The Iranian Statistical Center has announced that the inflation rate in Iran for the period between 23 October and 22 November has risen by 34.9 percent compared to the same period last year.
The center has calculated the rise in the inflation rate based on price indexes for consumer goods and services.
This means that Iranian families have spent nearly 35% more on the same goods and services as they had during the same period in 2017.
Compared to the previous month, the rate of inflation has risen by 2.1 percent, said the Iranian Statistical Center.
Meanwhile, the center's report puts the rise in inflation during the year before 22 November at 15.5 percent compared to the same period in 2017.
Iran's economy suffers from structural problems but the reimposition of U.S. sanctions have played a major role in the devaluation of Iran's currency contributing to the rapid rise in inflation.
The center's itemized report, shows a 50.3 percent rise in the prices of foodstuff, beverages and tobacco compared to the prices of the same goods in the same period previous year, while the monthly rise in these prices has been as high as 29 percent.
The steep increase has been attributed to the soaring prices of meat, fish, fresh and dried fruit as well as dairy products.
The highest rise during the past month in the prices of consumer goods other than food was reported to be in furniture, home appliances, clothing and footwear sectors.
In the meantime, compared to prices in the previous year, the highest overall price rise was that of tobacco products which showed a 160 percent hike.

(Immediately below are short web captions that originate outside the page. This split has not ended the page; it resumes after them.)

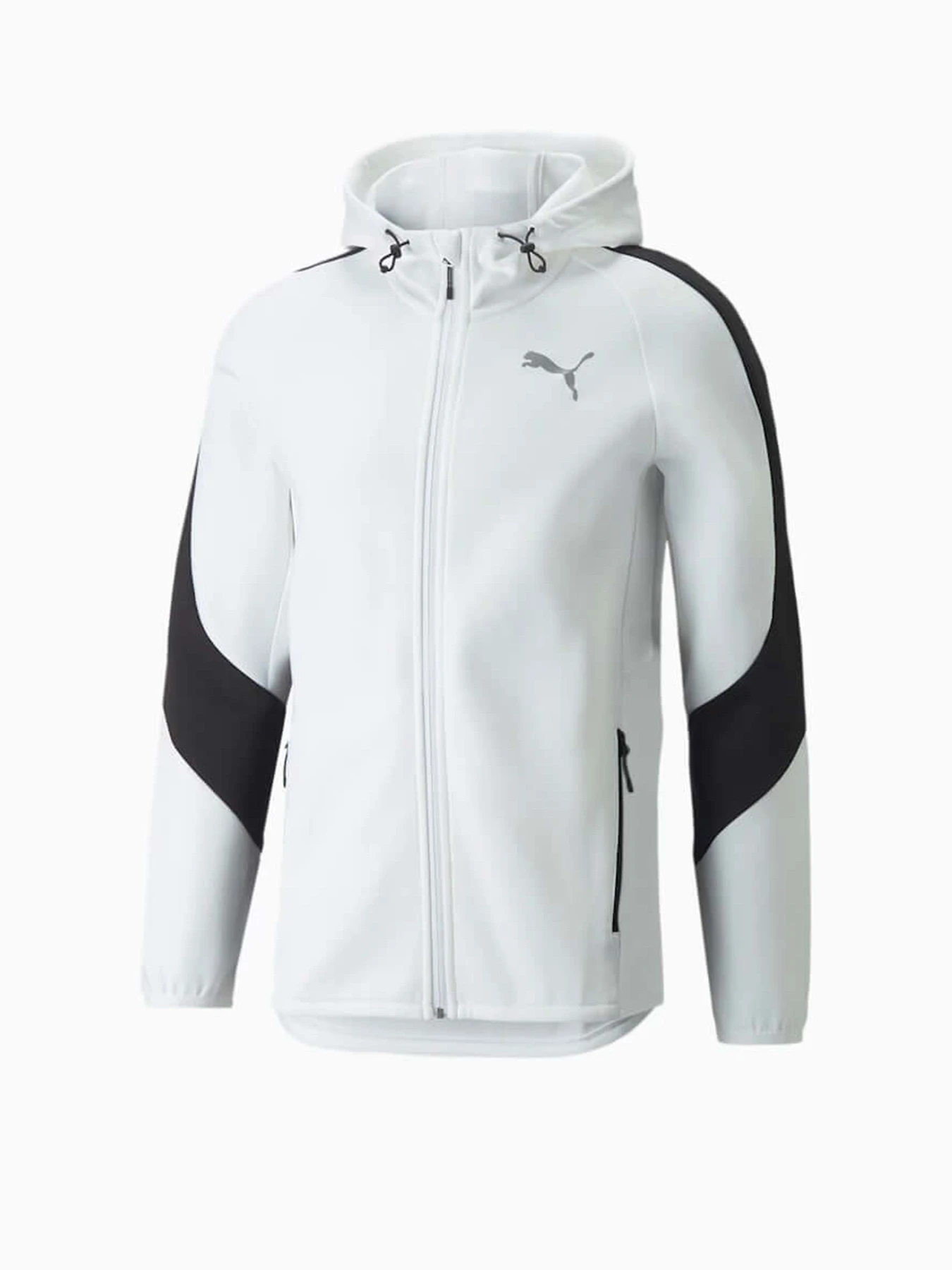Худи и свитшоты PUMA Evostripe Full-Zip модель 84740102 Худи и свитшоты PUMA Evostripe Full-Zip модель 84740102 Фото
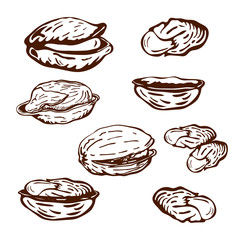 hand drawn pistachio nuts set isolated on white background. vector engraved nuts drawing, open pistachios and nutshell illustration in vintage style. healthy snack, beer appetizer.great for eco design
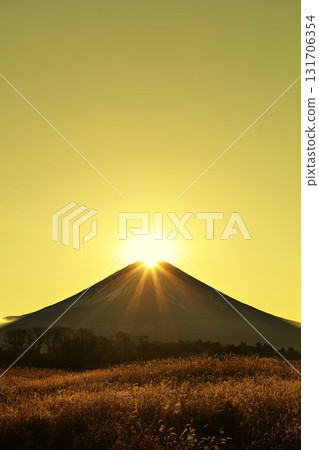 Diamond Fuji 131706354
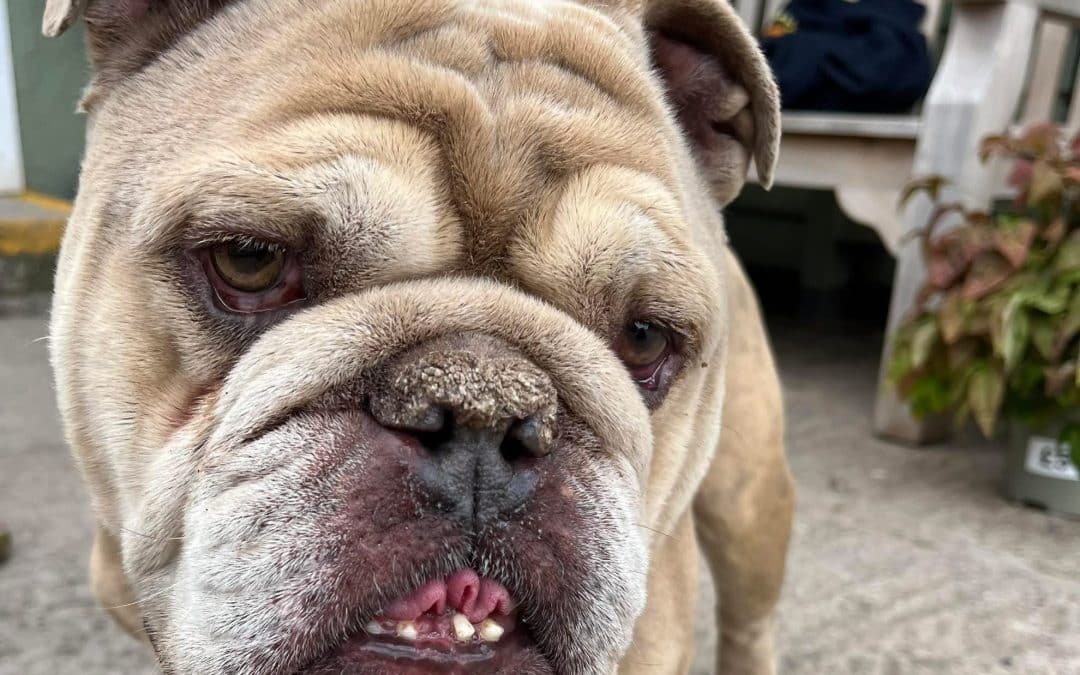 HELP! | Do you recognise this stray dog that was found in the Belmont area of Hereford today?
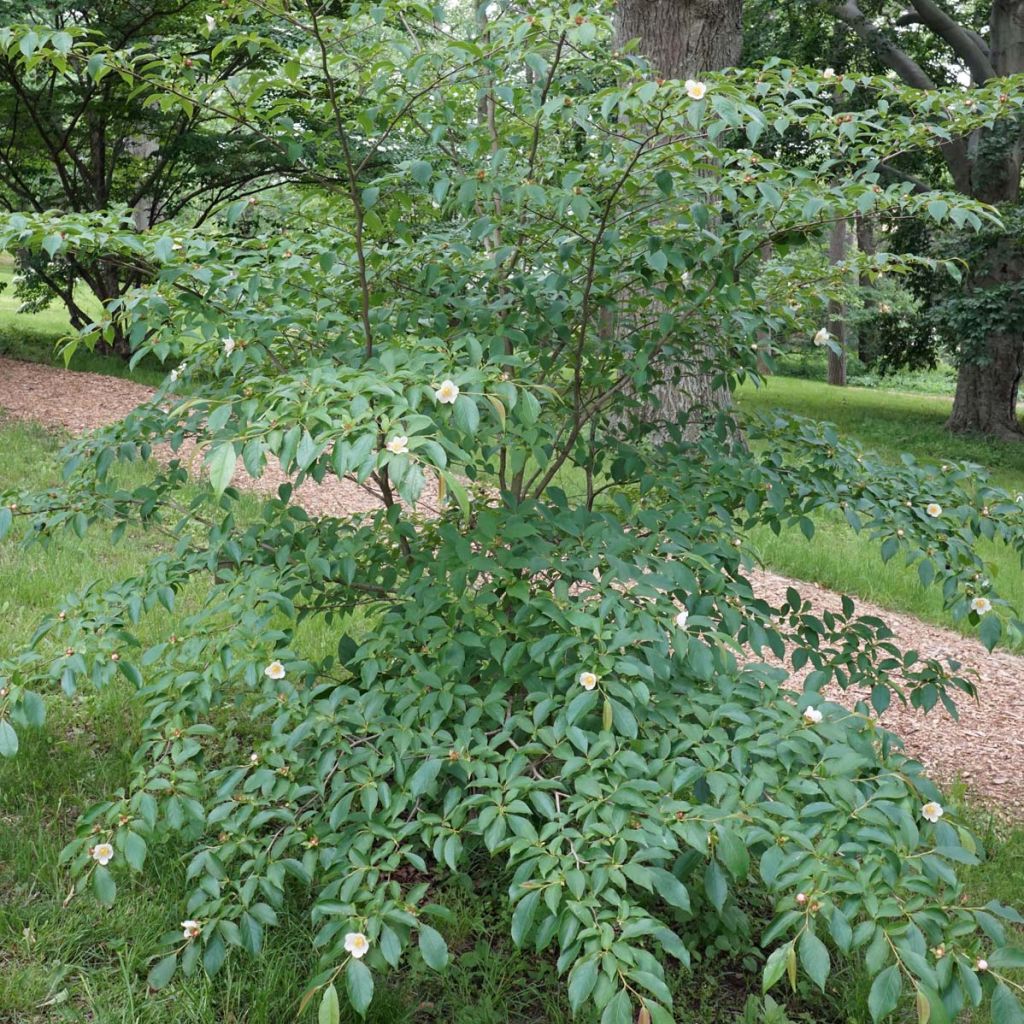 Stewartia rostrata - Stuartie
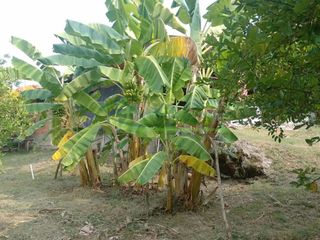 Foto 38 de VENDEMOS HERMOSA FINCA CON ARBOLES FRUTALES Y LAGO.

This was followed by the 63.5 % rise in the prices of entertainment products and leisure services.
Prices rose following several waves of unprecedented increases in the foreign exchange market, where the Iranian currency rial was hammered badly. The money supply also grew exponentially as the government kept printing money to finance its budget deficit during the past year.
Although state officials have spoken about the government's plans to control foreign exchange rates, statistical reports indicate that inflation will more likely get worse in coming months.
As the Iranian government's previous initiatives to control the rates of exchange and inflation rates have invariably failed, economists have been warning about hyperinflation of up to 65 percent.
President Hassan Rouhani has ruled out the danger, calling the economists "liars."
He said during a parliamentary session in late October while introducing his new ministers that "Those who warn against hyperinflation either lie, or don not understand Iran's economy."
Ironically, it was Rouhani's new economy minister Farhad Dejpasand who said at the Iranian Parliament that Iran was facing hyperinflation.
The term "hyperinflation" became popular in the Iranian media after an economic publication quoted Steve Hanke, an economics professor in Johns Hopkins University, using the term when he said in the summer of 2018 that he believed the annual inflation rate in Iran was 151 percent.
During the past year, economic hardships, including unemployment and rising prices have led to repeated mass protests in Iran. In one of the latest cases of labor unrest, workers of a sugar mill in Khuzestan province in southwestern Iran have been protesting against unpaid wages and mismanagement of the factory for several weeks now.
In the meantime, Iranian media occasionally warn about the economy getting increasingly similar to Venezuela’s as it is heading toward an inflation figure between 50 to 65 percent.
Some market observers have opined that the news of rising inflation inevitably agitates the markets, giving rise to higher prices and inflation rates.